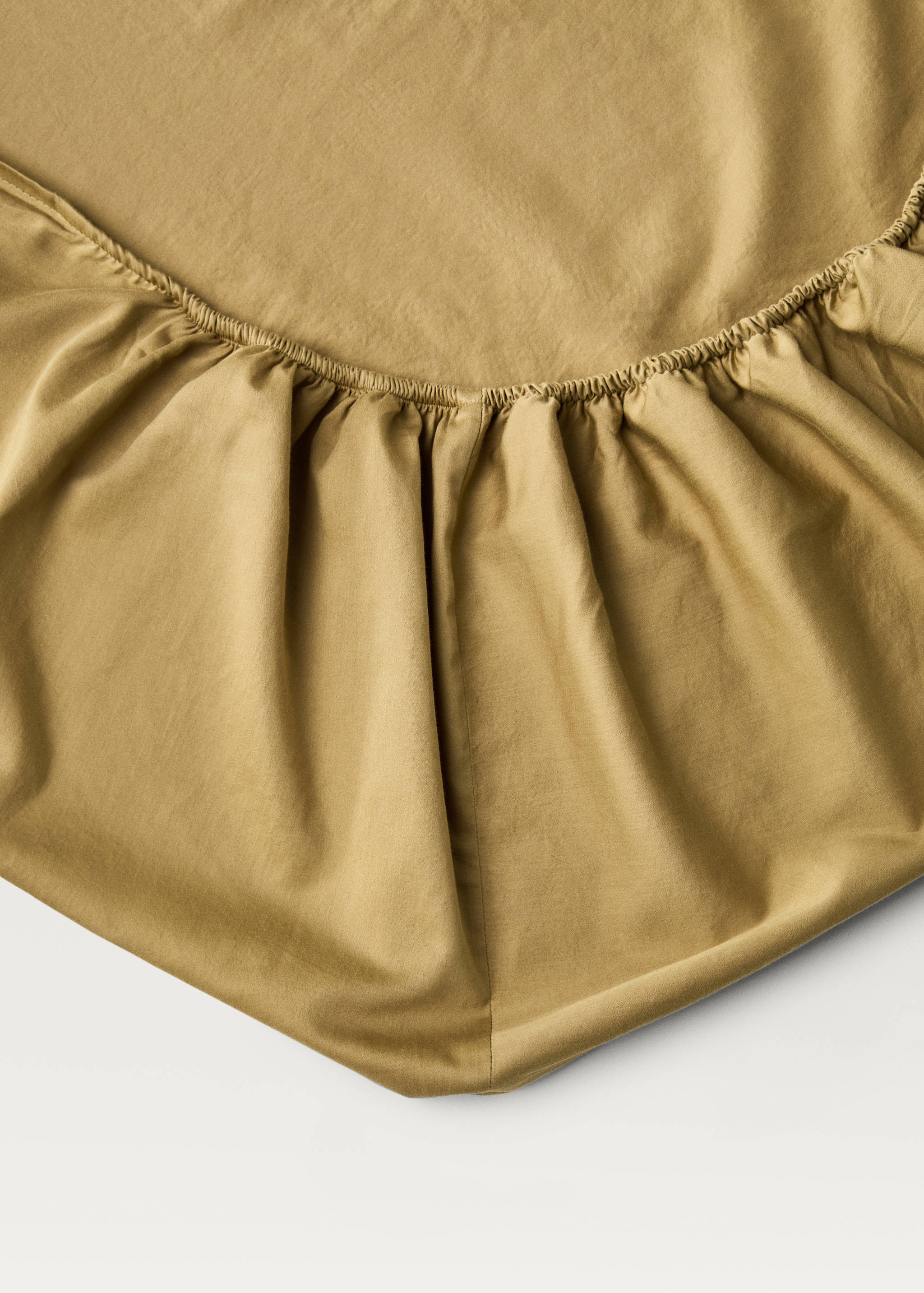 Washed cotton satin fitted sheet Queen bed - Details of the article 1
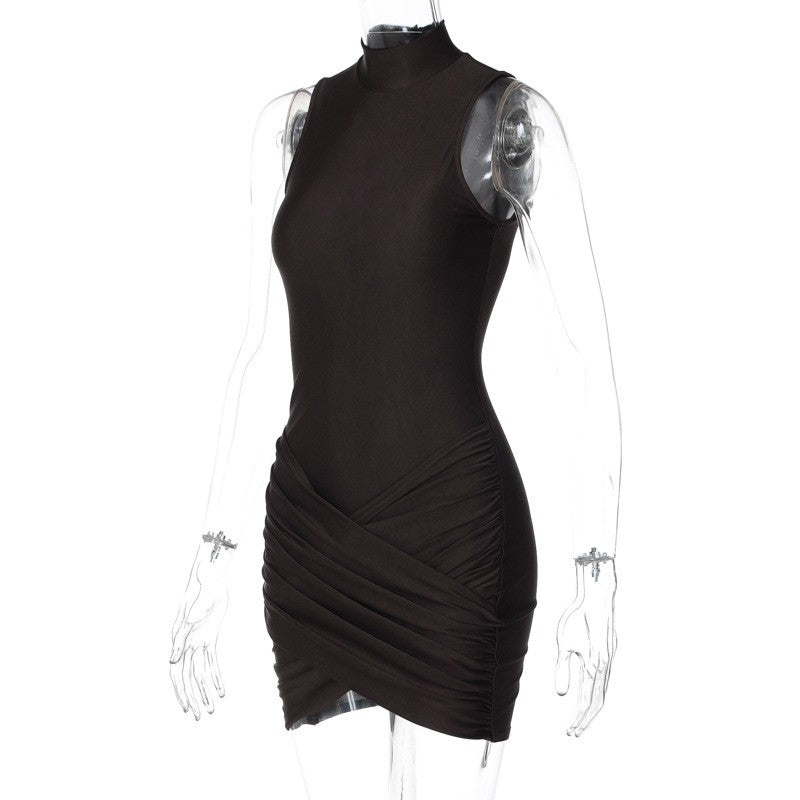 Solid Color Zippered Stand Collar Bodycon Skirt with Pleats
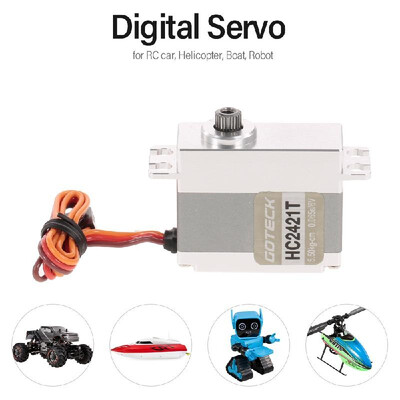 

GOTECK HC2421T Metal Gear High Torque 65KG Digital Servo with Coreless Motor Waterproof for RC Car Helicopter Boat Robot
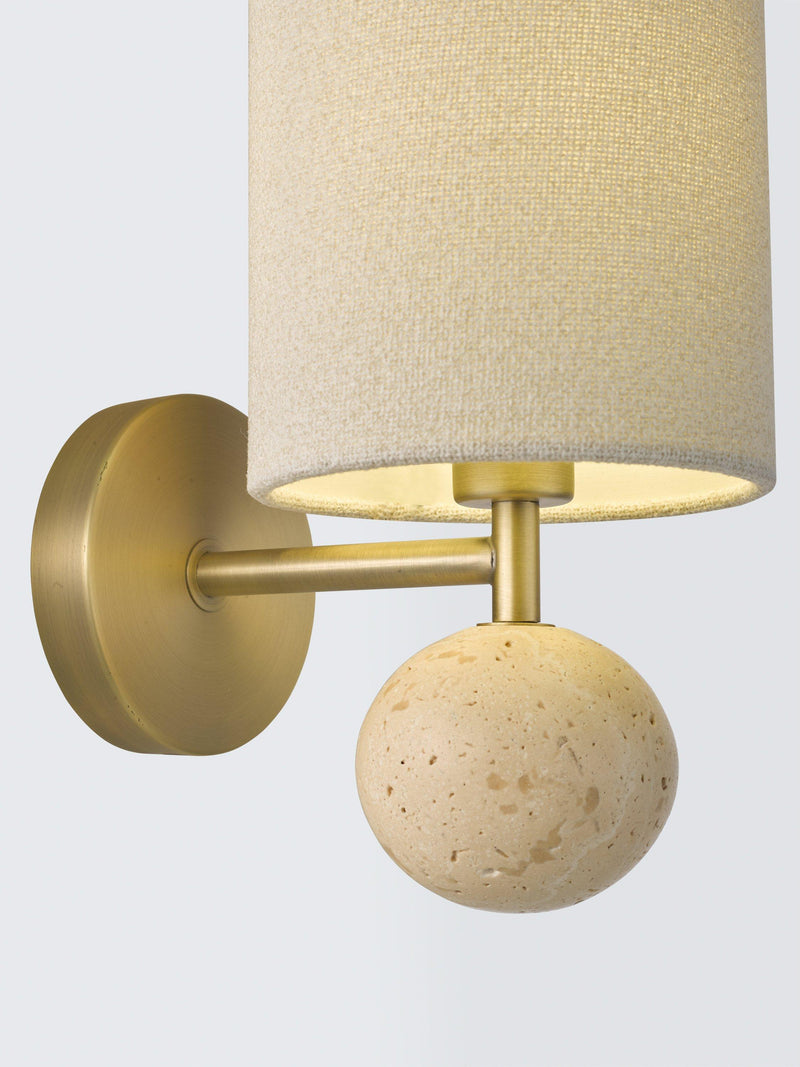 John Lewis Pebble wall light travertine marble linen shade - British product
::::::::::
Exercise:
Could you copy the data above exactly, leaving the pictures out?

Solved problem:
 Washed cotton satin fitted sheet Queen bed - Details of the article 1
 Solid Color Zippered Stand Collar Bodycon Skirt with Pleats

GOTECK HC2421T Metal Gear High Torque 65KG Digital Servo with Coreless Motor Waterproof for RC Car Helicopter Boat Robot
 John Lewis Pebble wall light travertine marble linen shade - British product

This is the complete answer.